Este reglamento no es un hecho aislado, sino que forma parte de una serie de decisiones tomadas por el Gobierno porteño que apuntan a restringir el debate y la diversidad de pensamiento en las escuelas. Entre ellas, se encuentra la degradación de la Subsecretaría de la Mujer a Dirección General y el anuncio de una «revisión exhaustiva» de los contenidos de la Educación Sexual Integral (ESI), que según el Gobierno, serán analizados a través de un «estudio neutral». Estas medidas han sido interpretadas como un intento de borrar de las aulas cualquier discusión sobre género, diversidad y derechos humanos.

La comunidad educativa no ha tardado en reaccionar. Amanda Martín, secretaria general adjunta de Ademys y ex legisladora por el FIT, fue una de las primeras en difundir el contenido del nuevo reglamento, calificándolo como un ataque directo a la libertad de cátedra y a la autonomía docente. «Este reglamento es una forma de silenciar a los docentes y de impedir que los estudiantes accedan a una educación crítica y reflexiva», afirmó Martín. Por su parte, los sindicatos docentes han anunciado que presentarán recursos legales para impugnar la medida, al considerarla inconstitucional y contraria a los principios de la educación pública.

Pero la censura no es el único problema. El nuevo reglamento también ha sido criticado por su tono persecutorio. Según denuncias de la comunidad educativa, este no es el primer caso en el que el Gobierno porteño actúa de manera represiva contra docentes y estudiantes. Durante la gestión de Soledad Acuña como ministra de Educación, se registraron denuncias penales contra padres y madres de estudiantes secundarios durante las tomas de escuelas, así como descuentos salariales a docentes que participaron en medidas de fuerza. Además, se ha documentado un hostigamiento sistemático contra cooperadoras escolares que se opusieron a las políticas del ministerio.

En este contexto, el nuevo reglamento parece ser la gota que colma el vaso. Para muchos, es una muestra más de la deriva autoritaria del Gobierno porteño, que bajo la excusa de proteger a los menores, está imponiendo una visión única y restringida de la educación. «Este reglamento es la continuidad de una actitud disciplinadora y persecutoria contra la docencia», afirmó Biasi durante su intervención en el Congreso. Y es que, lejos de promover un ambiente de diálogo y respeto, la medida parece estar diseñada para silenciar cualquier voz disidente y para imponer una agenda política que poco tiene que ver con las necesidades reales de la educación.

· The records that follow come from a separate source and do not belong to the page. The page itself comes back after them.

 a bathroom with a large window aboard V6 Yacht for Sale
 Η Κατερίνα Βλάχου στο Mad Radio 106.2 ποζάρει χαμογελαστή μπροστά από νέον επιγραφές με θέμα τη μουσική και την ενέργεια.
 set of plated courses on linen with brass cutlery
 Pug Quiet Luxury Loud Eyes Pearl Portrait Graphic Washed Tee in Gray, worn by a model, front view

El impacto de esta medida no se limita a las aulas. También tiene implicaciones profundas para la sociedad en su conjunto. Al restringir el debate sobre temas como la sexualidad, el género o la política, el Gobierno está negando a los estudiantes la posibilidad de formarse como ciudadanos críticos y conscientes de sus derechos. En un momento en el que la sociedad argentina enfrenta desafíos complejos, como la violencia de género, la discriminación y la desigualdad, limitar la educación en estos temas es, cuanto menos, irresponsable.

Pero quizás lo más preocupante es el mensaje que esta medida envía a los docentes. Al convertirlos en vigilantes del pensamiento de sus estudiantes, el Gobierno no solo está socavando su autoridad, sino también su rol como educadores. Los docentes no son meros transmisores de conocimiento, sino guías que ayudan a los estudiantes a desarrollar un pensamiento crítico y autónomo. Al restringir su libertad de expresión, el Gobierno está negando este rol y convirtiendo a las escuelas en espacios de adoctrinamiento.

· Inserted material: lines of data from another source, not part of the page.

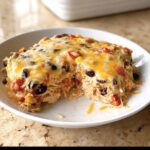 A scoop of creamy Santa Fe Chicken Casserole topped with melted cheddar and black beans.
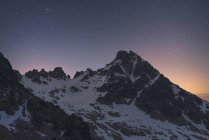 Сценический вид темных гор со снегом и грубыми вершинами под звездным небом в сумерках — стоковое фото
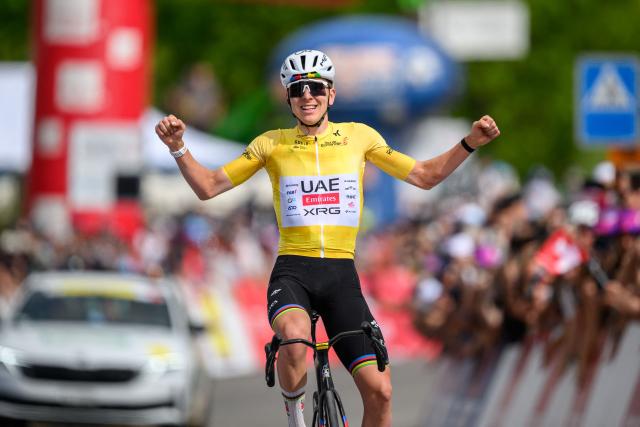 UAE Team Emirates-XRG's Slovenian rider Tadej Pogacar celebrates as he crosses the finish line wining the fourth stage of the Tour of Romandie UCI cycling World tour, 149.6 km from Broc and to Charmey, in Charmey, Switzerland, on May, 2, 2026. (Photo by Fabrice COFFRINI / AFP)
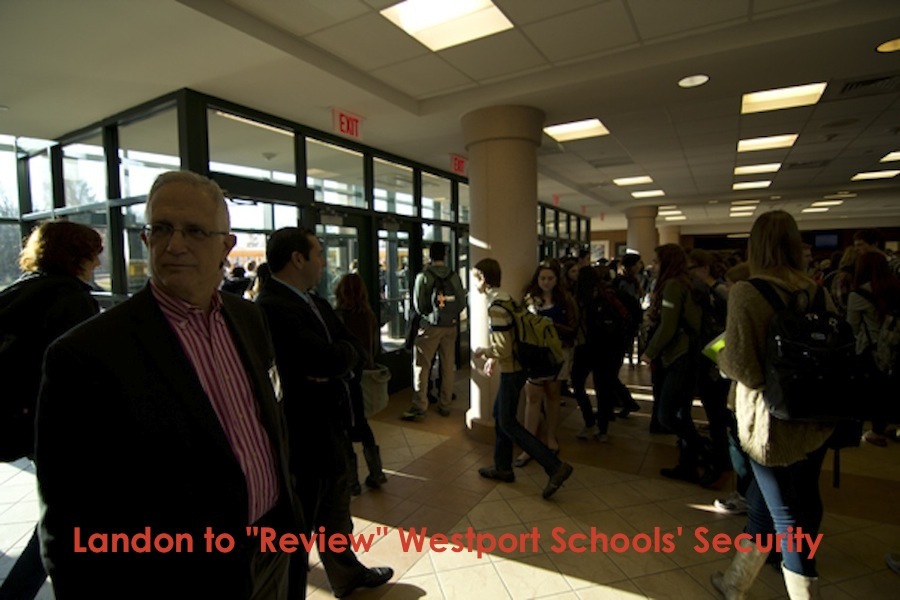 Dodig watches over students as they flood through the lobby on their way to class.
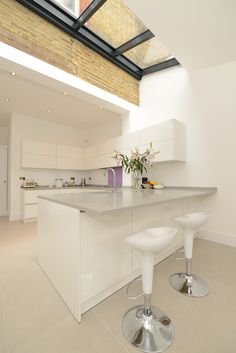 a kitchen with two stools next to an island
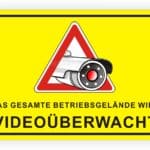 Schild mit der Aufschrift „Das gesamte Betriebsgebiet wird videoüberwacht“ und einem Symbol einer Überwachungskamera auf gelbem Hintergrund.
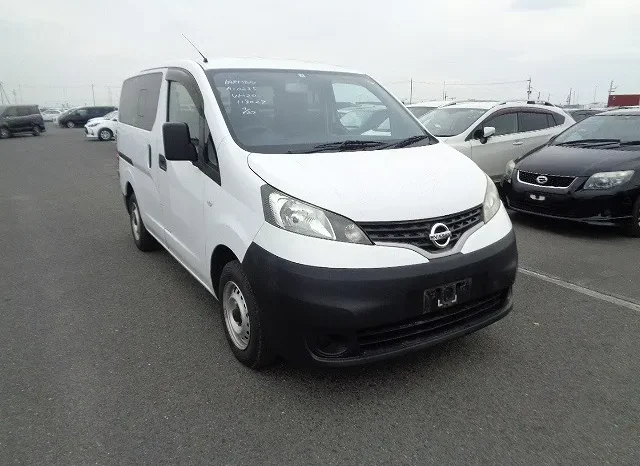 A White Nissan Van, Possibly Part Of A Car Sale In Kenya, Is Parked Among Other Vehicles. The Van Faces Slightly Left, Captured From A Front Side Angle Under An Overcast Sky On Paved Ground.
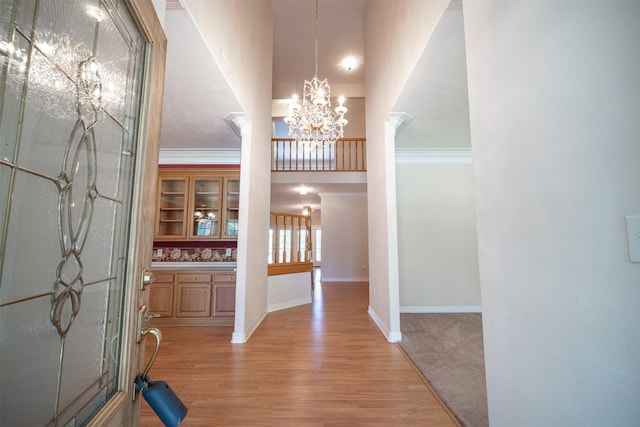 918 Dogwood Ridge Dr, Diboll, TX 75941 - entrance foyer featuring a chandelier, baseboards, and light wood-style floors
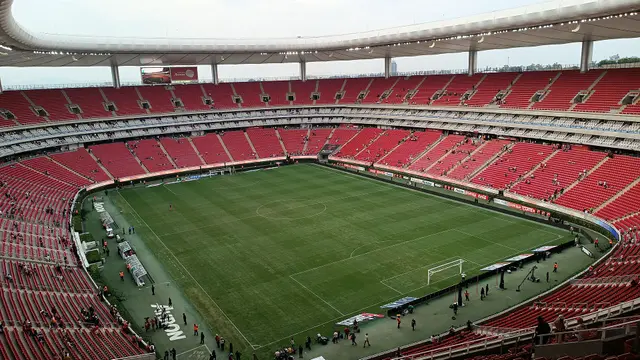 Interior del Estadio Akron de Guadalajara, casa de Chivas, con gradas rojas vacías y la cancha vista desde lo alto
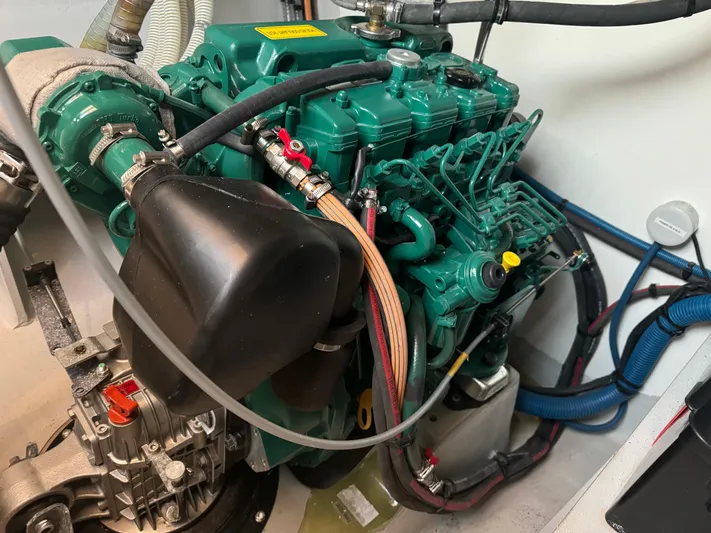 Stock Neel 47 Yacht Photos Pics 2023 NEEL 47 engine compartment with green machinery and wiring.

En definitiva, el nuevo reglamento escolar de la Ciudad de Buenos Aires es un ataque directo a la educación pública y a los principios que la sustentan. Lejos de proteger a los estudiantes, esta medida los priva de herramientas esenciales para entender y transformar el mundo en el que viven. Y mientras el Gobierno insiste en que esta es la mejor manera de garantizar una educación «neutral», lo cierto es que no hay nada más político que decidir qué se puede y qué no se puede decir en las aulas.